* **WHAT YOU HAVE TO DO**
Leave every picture out, then reproduce the rest of the listing exactly.

* **SOURCE MATERIAL**

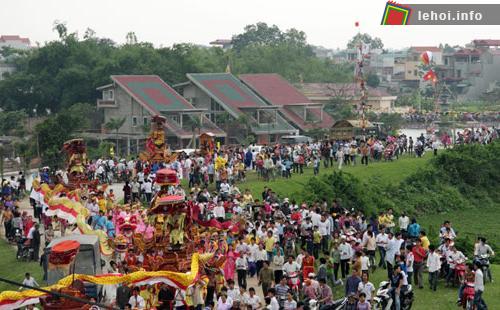 Quản lý lễ hội 2011 - Nỗi lo lớn dần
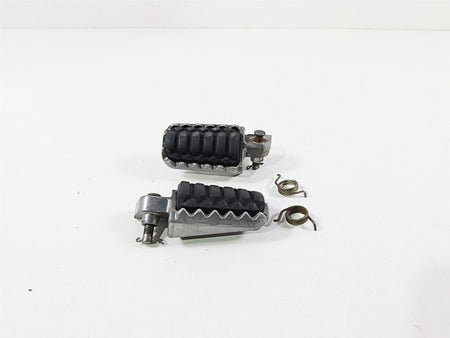 2012 Yamaha XT1200 Super Tenere Front Footpeg Foot Peg Set 23P-27451-00-00 {{ shop.shopifyCountryName }} - Mototech271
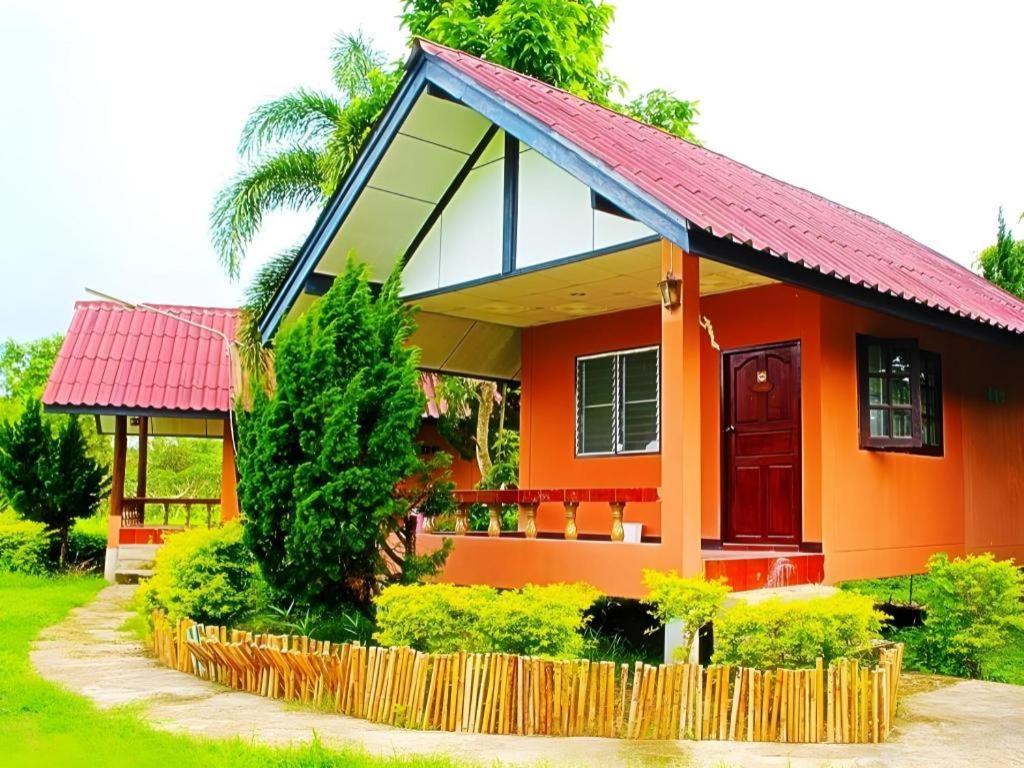 Umphangburiresort Kültér fotó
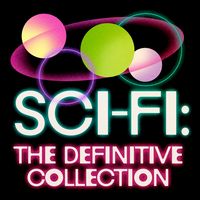 Produktbild: The Definitive Sci-Fi Collection: 25+ Novels and Stories from George Orwell, HP Lovecraft, Jules Verne, Edgar Rice Burroughs, Mary Shelley, & More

* **ANSWER BOX**
 Quản lý lễ hội 2011 - Nỗi lo lớn dần
 2012 Yamaha XT1200 Super Tenere Front Footpeg Foot Peg Set 23P-27451-00-00 {{ shop.shopifyCountryName }} - Mototech271
 Umphangburiresort Kültér fotó
 Produktbild: The Definitive Sci-Fi Collection: 25+ Novels and Stories from George Orwell, HP Lovecraft, Jules Verne, Edgar Rice Burroughs, Mary Shelley, & More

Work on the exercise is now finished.